また2024年のデータを別途分析した結果では“テレビ専念視聴型”の行動パターンが消失。テレビ視聴が生活の中心から「行動の一部」へと変化している傾向があることが示された。生活行動のパターンはアフターコロナでもコロナ禍前に戻るわけではなく、変化の固定化の兆候があるという。
「若者のメディア利用においては特定のコンテンツを求める傾向が強く、テレビで見たいものが終わると他のメディアに移行することが多い。単にメディアの選択肢が増えたことによるものではなく、生活スタイルそのものが変わったことを意味している」(渡辺氏)
■従来メディアとネットの“分水嶺”は40代「若年層の価値観が中高年層にも波及」
続いて森下氏が発表。
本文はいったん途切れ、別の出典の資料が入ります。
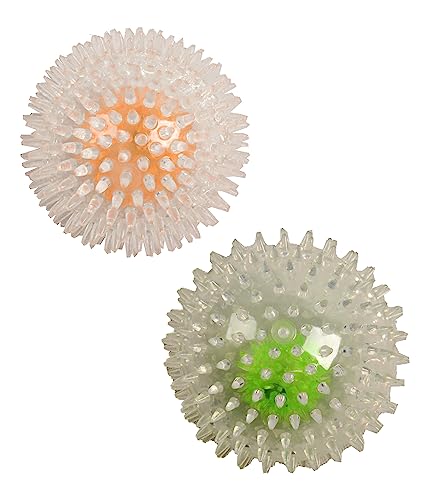 Dehner Bouncer Ball Hundespielzeug Set S&M LED orange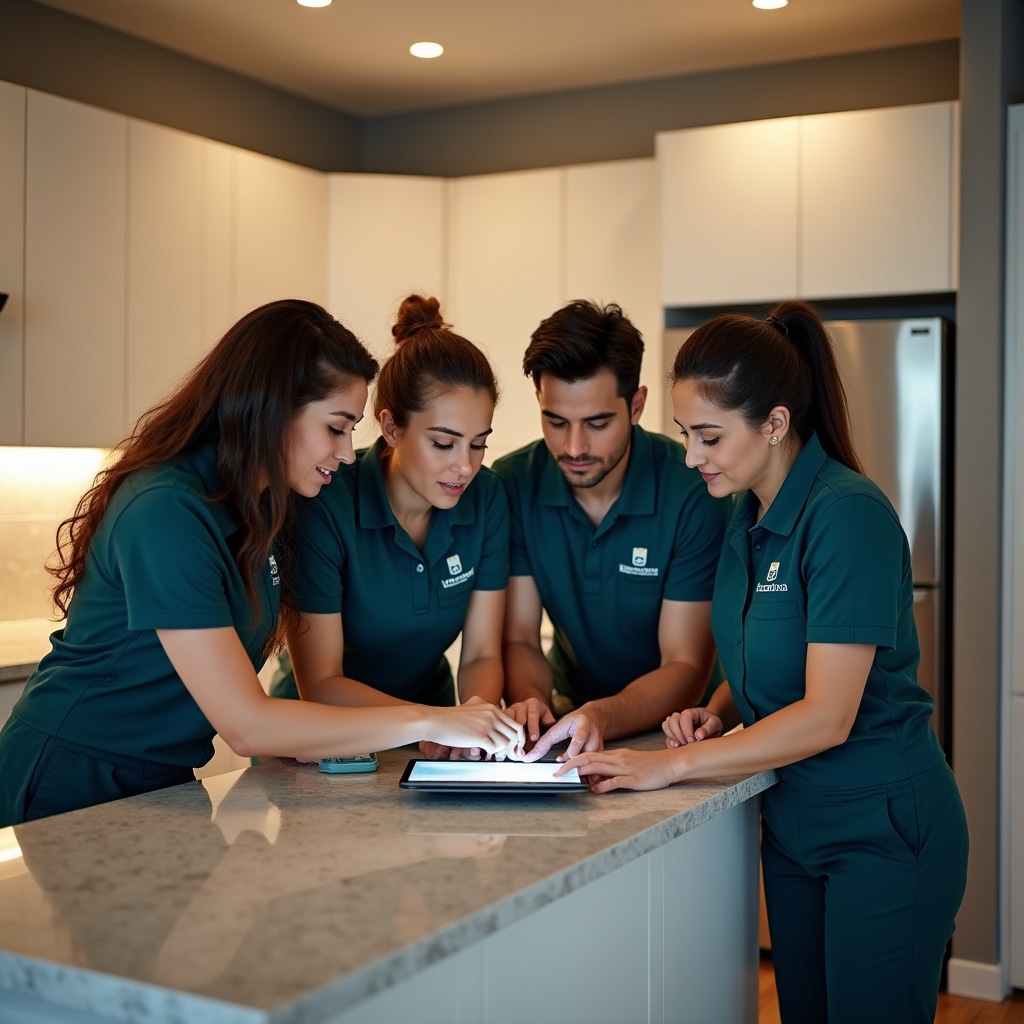 Professional cleaning team working together in a newly constructed residential unit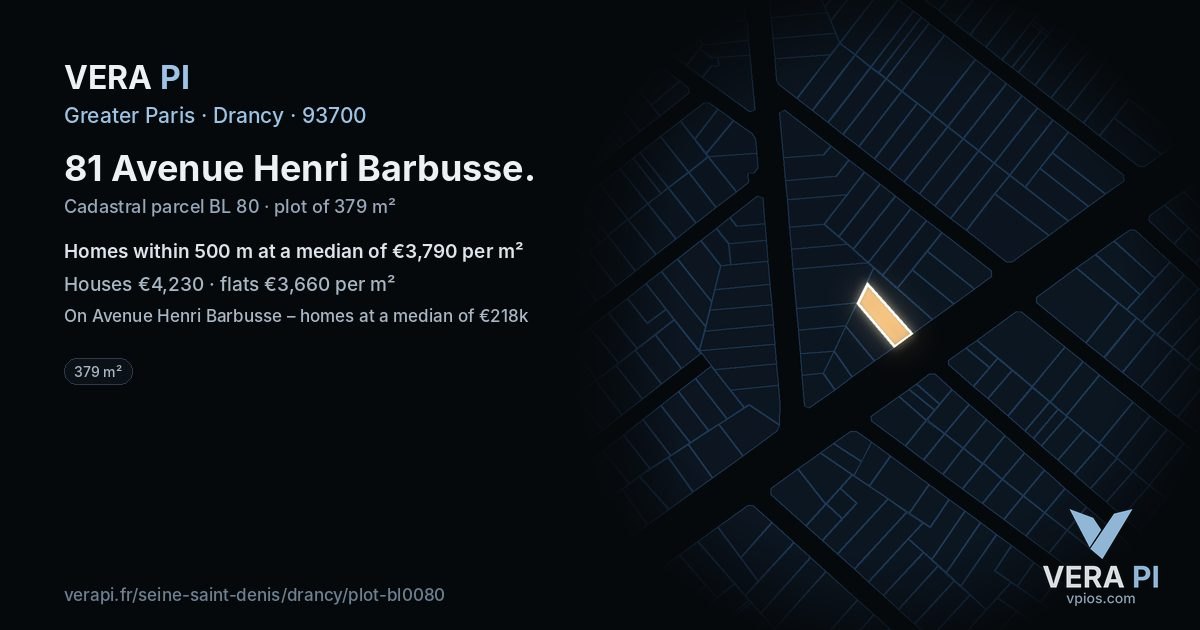 81 Avenue Henri Barbusse, Drancy at night – the plot lit, the parcels around coloured by the prices near them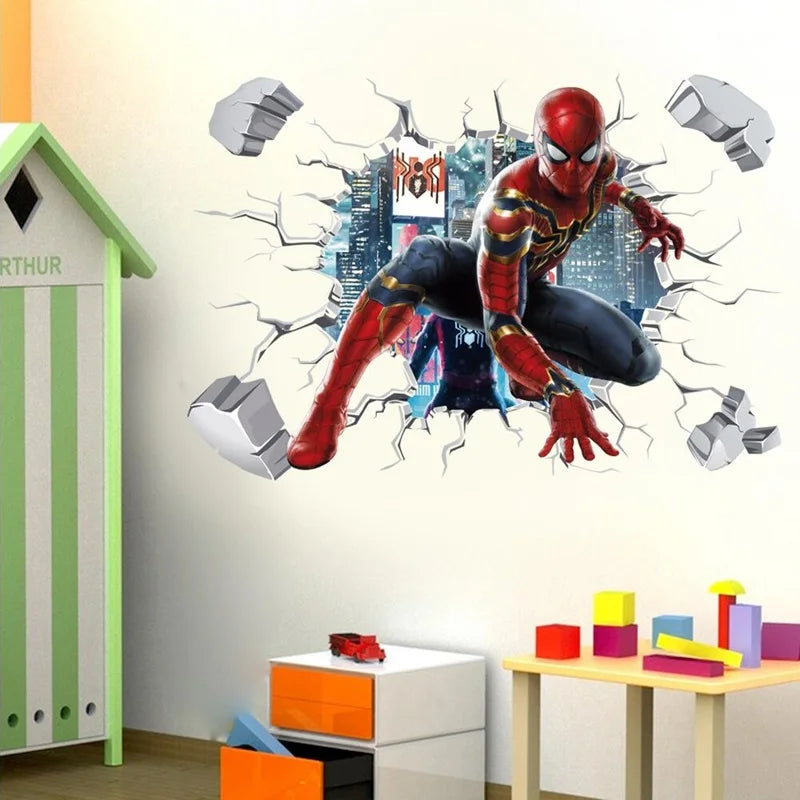 Avengers Wall Sticker | 3D Broken Wall | PVC Wall Decal | 40x60 cm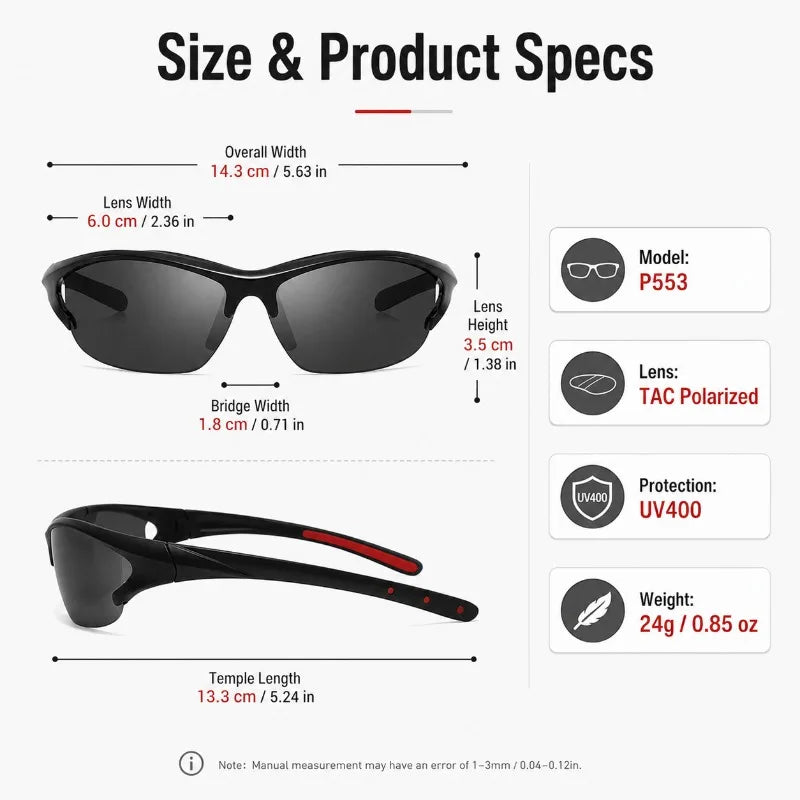 Polarized Cycling Sunglasses UV400 TAC Lens | Lightweight Sport Polarized Sport Sunglasses QXL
生活者がふだん利用するメディアの種類や利用頻度、メディアを頼りにする度合い等を調査し、世代間での差異を明らかにした。
ふだん利用するメディアとしては、ポータルのニュースサイトや民放・NHKの番組、ECサイト等の新旧メディアが上位を占める。しかし年齢層別にメディア利用頻度を見ると、若年層はSNSやブログ、動画・音声配信のシェアが高い一方、50代、60代ではテレビやラジオといった電波系メディアへの依存度が高いことが明らかになった。
「頼り」を切り口とするメディア評価においても年齢層によって大きく異なる傾向が認められた。「2024年単年で見ると、中高年層は従来型メディア、若年層はネット系メディアを頼りにする度合いが強い。その中間に位置する40代はいずれのメディアへの偏りが見られない、いわば分水嶺にあたる」と森下氏。さらに過去調査(2020年)の結果を加味した別分析を行ったところ、40代が若年層に近いメディア評価を行うようになっていることが確認されたとし、「若い世代に見られた価値観が徐々に上の世代に波及し、50代以上でも従来型メディアとネットメディアを頼りにする度合いの差が縮小している」と語った。
■放送と配信の融合を法律レベルで見据えるイギリス、そこから日本が学ぶべきことは
ここで奥氏が、総務省有識者会議による「デジタル時代における放送の将来像と制度の在り方に関する取りまとめ(第3次)(案)」に対する意見募集が行われていることを紹介。
「地上波の小規模中継局をブロードバンドで代替する案が取り上げられているが、テレビに接続した録画機能を使用できなくなる懸念がある。調査では60歳以上のテレビ視聴時間の内訳はリアルタイム視聴が85%、録画再生視聴が15%という結果が出ており、こうした実態に寄り添ったものとは言い難い」(奥氏)
「現状をデータで正確に把握し、それに基づいて制度設計を行う必要がある」と奥氏。「放送の定義をテクニカルな面だけでなく、社会的役割という観点から再定義することが重要。その上で、放送とネットの融合に向けた具体的な施策を検討していく必要がある」と語った。
セッションの後半では、イギリスにおけるメディア関連の法整備の動向を参照。日本における制度設計のヒントを探った。
イギリスでは2024年に「メディア法」の法案が成立し、約20年ぶりに放送法制が改正。主要動画配信サービス(Netflixなど)がOfcomの管轄対象になることや、スマートTVなどにおける放送事業者の配信サービスのプロミネンス(目立つ形での可視化)などが盛り込まれている。
さらに放送を取り巻く環境変化への対応策として、2024年11月にDCMS(デジタル・文化・メディア・スポーツ省)がテレビ業界、インフラ産業、視聴者保護団体、規制当局らによる業界横断型フォーラム「Future of TV Distribution Stakeholder Forum」の設置を発表した。発表時に公表された委託調査レポートによると、2040年には国内世帯の95%がネット経由でのテレビ視聴が可能になるという。
放送の将来像をめぐっては、Ofcomが2024年5月に公表したレポート「Future of TV Distribution」の中でDTT(地上波デジタル放送)の縮小や廃止を含めた3つの選択肢が提示されている。放送メディアのネットへのシフトが取り沙汰されているが、奥氏は「BBCは現在の放送サービスをそのままネットへ移行するのではなく、新たなサービスとしての拡張を志向しているようだ」という。
「若年層を中心にメディア利用の多様化が進んでいるが、日本では地上波放送の維持が議論の中心となっており、ネット配信への移行に対応する制度設計が十分に進んでいない面がある」と奥氏。「もはやIP(ネット)、RF(電波)という括りで議論をしている場合ではない」とし、「日本もイギリスのように柔軟な政策対応が求められる」とコメントし本セッションは終了した。